Changes in the accrual rate shall become effective the beginning of the next payroll period following the Appointing Authority’s approval of the adjusted rate and shall not be retroactive.

Employees may accumulate unused vacation leave to any amount provided that once during each fiscal year the employee's accumulation must be reduced to two hundred seventy-five (275) hours or less. If this is not accomplished on or before the last day of the fiscal year, the amount of vacation shall be automatically reduced to two hundred seventy-five (275) hours at the end of the fiscal year.

Employees on a military leave under Article 14 shall earn vacation leave as though actually employed without regard to the maximum accumulation set forth above. Vacation earned in excess of the maximum accumulation shall be taken within two (2) years of the date the employee returns from the military leave.

Vacation leave hours shall not be used during the payroll period in which the hours are accrued.

Section 3. Vacation Period. Every reasonable effort shall be made by the Appointing Authority to schedule employee vacations at a time agreeable to the employee insofar as work unit staffing permits. If it is necessary to limit the number of employees within or among classifications on vacation at the same time and in the event of any conflict over vacation periods, the vacation schedules shall be established on the basis of bargaining unit seniority within the employee's work location. Bargaining unit seniority is defined as an employee’s continuous length of service in Association represented positions with the State of Minnesota. Whenever practicable, employees shall submit written requests for vacation at least two (2) weeks in advance of their vacation to their supervisor on forms furnished by the Appointing Authority. When advance written requests are impracticable, employees shall secure the approval of their supervisor by telephone or other means at the earliest opportunity. Supervisors shall respond to all vacation requests promptly and shall answer all written requests in writing.

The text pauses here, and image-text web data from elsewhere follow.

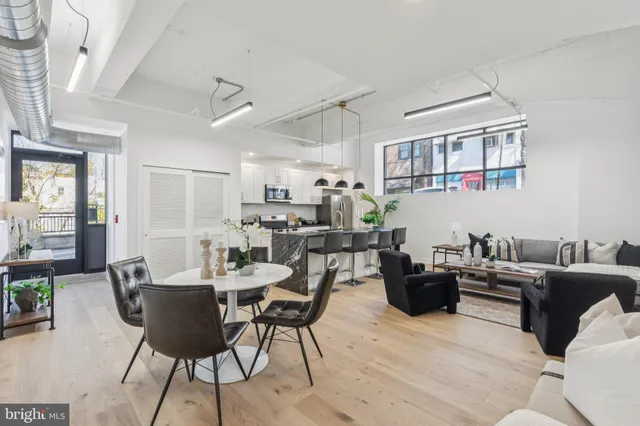a living room with furniture a rug and a table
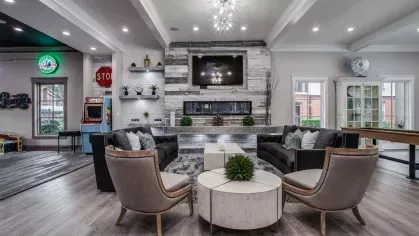 A spacious and elegant lounge with natural light, modern furnishings, and a view of the outdoor pool.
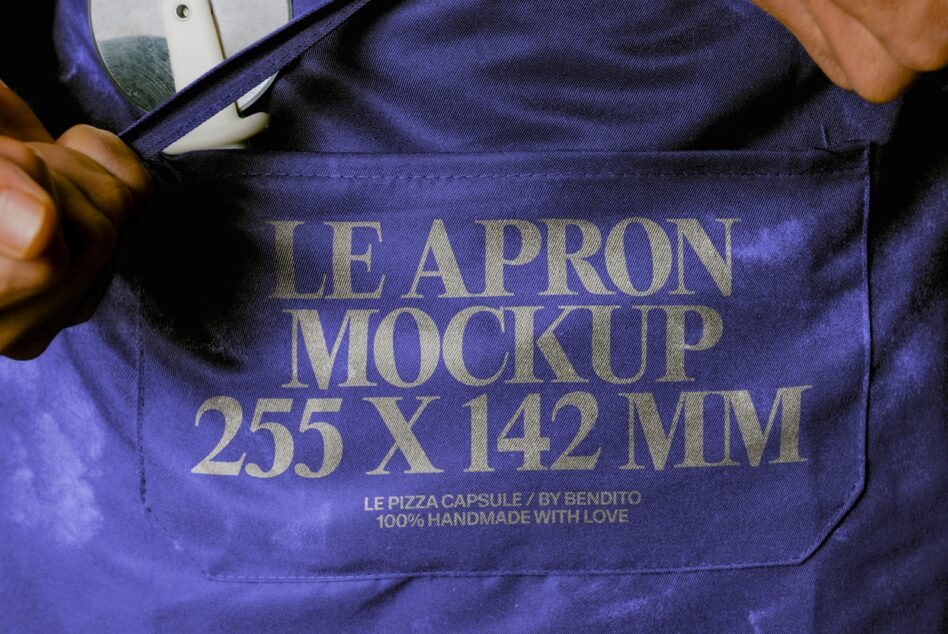 Hands opening blue apron with gold serif text showing dimensions, product details visible inside pocket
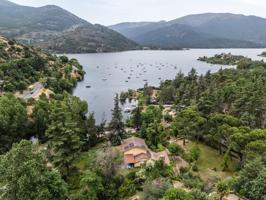 ^LA CASA DEL LAGO^ ESPECTACULAR CHALET CON ACCESO A PLAYA EN EL PANTANO DEL BURGUILLO. UBICACIÓN ÚNICA CON LOS MEJORES ATARDECERES DE LA ZONA^ Exclusivo chalet de más de 3.000 m² de parcela situa photo 0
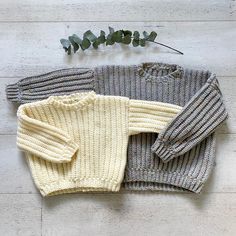 three sweaters laid out next to each other on a wooden floor with eucalyptus leaves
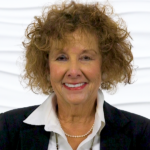 A smiling person with curly hair in professional attire embodies Medbridge's vision of digital and hybrid healthcare.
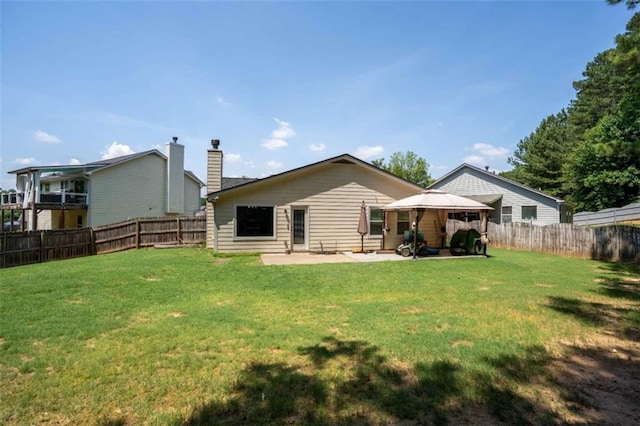 220 Brookstone Trl, Braselton, GA 30517 - rear view of property with a gazebo, a patio area, a fenced backyard, and a chimney
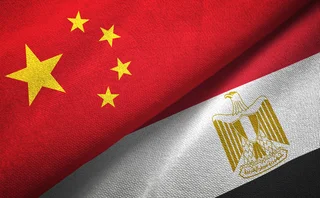 The Egyptian and Chinese flags merge, folded over each other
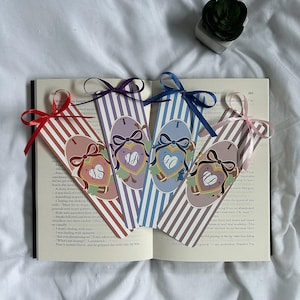 May include: Four decorative bookmarks with striped patterns and initial designs. Each bookmark features a different colour ribbon: red, purple, blue, and pink. The bookmarks are placed on an open book, with a small plant in the background.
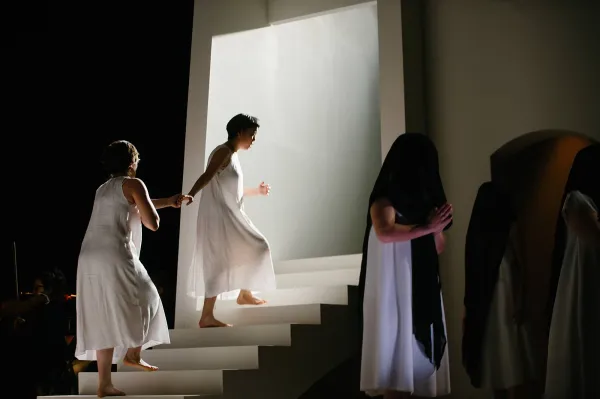 Two nuns wear only their undergarments. One leads the other up a staircase toward a bight white light, as if ascending into heaven.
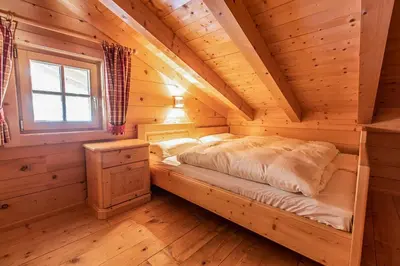Ein Bett oder Betten in einem Zimmer der Unterkunft Chalet Königsleiten 167A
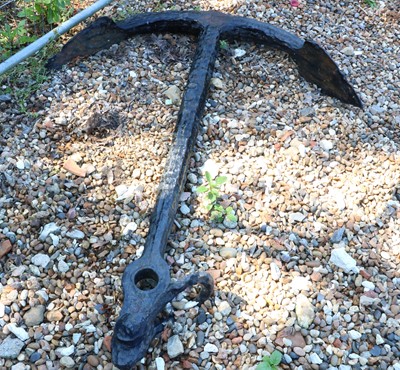 Lot 501 - A cast iron anchor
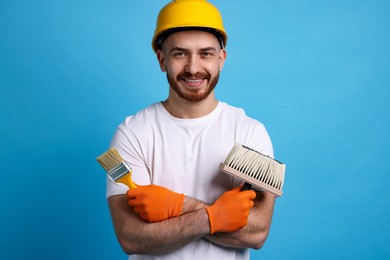 Photo of Man wearing hardhat with tools on blue background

No vacation requests shall be denied solely because of the season of the year, but shall be dependent upon meeting the staffing needs of the agency.

When an employee transfers to a new seniority unit or to a work area, or is awarded an interest bid or promotion, previously approved vacation leave must be mutually agreed upon between the employee and the new supervisor.

Section 4. Vacation Charges. Employees who utilize vacation shall be charged only for the number of hours that they would have been scheduled to work during the period of absence. Holidays that occur during vacation periods will be paid as a holiday and not charged as a vacation day.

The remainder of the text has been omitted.